猫を迎えて変化した生活と考え方

ソファで寝る猫

私が猫と暮らし始めたのは中学1年生の頃。気づけば30年以上猫たちと暮らしてきました。“猫がいる暮らし”と“猫がいない暮らし”ではいろいろな違いがあります。その1つが「猫がいるといろいろなものを奪われる!」ということです。日々の生活の中で奪われているものと、それによって自分がどう変わったかについてです。

奪われるもの①「朝ゆっくりすること」

朝ゆっくり寝たい時も、それを許してはくれません。例えば初代猫のアリスの場合は「遊んでほしい」というのが理由でした。布団から手や足が出ていようものならそれを勝手にオモチャに見立てて飛びついてくるのです。怖くておちおち寝ていられませんでした。アリスは早朝にカーテンを開けるという技も身に付けていました。

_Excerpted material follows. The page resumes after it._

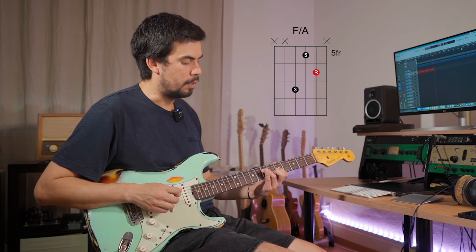G minor can be either the two chord, the three chord, or the six chord. I'm going to play over the two chord, so G minor is the two chord in the key of F. Here's a good practice: find all your triads in the key of F. I'm going to pick a set of strings — in this case strings two, three, and four — then find the one chord in all inversions: root position, first inversion, and second inversion.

今一緒に暮らしているホクとモアナも朝起こしに来るタイプです。ホクはオモチャをベッドの上に持ってきて、ぴょんぴょん跳ねながら遊び始めます。完全に嫌がらせです。

オモチャを持ったまま寝る猫
遊び疲れて寝るホク

モアナの場合は「ご飯ちょうだい」です。枕元をウロウロしながら頭や顔をいじってきます。ご飯をあげるまで執拗なアピールが終わらないので、とりあえず起きてご飯をあげることが1日の始まりです。

おかげで、朝ダラダラしがちな私が起きたらすぐ動くようになりました。人間は、やらなければならないことがある時やり始めるまでにストレスを感じ、やり始めると途中で止めることにストレスを感じるそうです。これはよく分かります。朝起きた直後からいわば強制的に働かされるようになって、やらなければならないことが早く始められるようになりました。

ソファで寝る猫

奪われるもの②「家事の段取り」

ホクとモアナが我が家にきたばかりの頃、家事にかかる時間がそれまでの倍になりました。とにかくすべての家事を邪魔してくるのです。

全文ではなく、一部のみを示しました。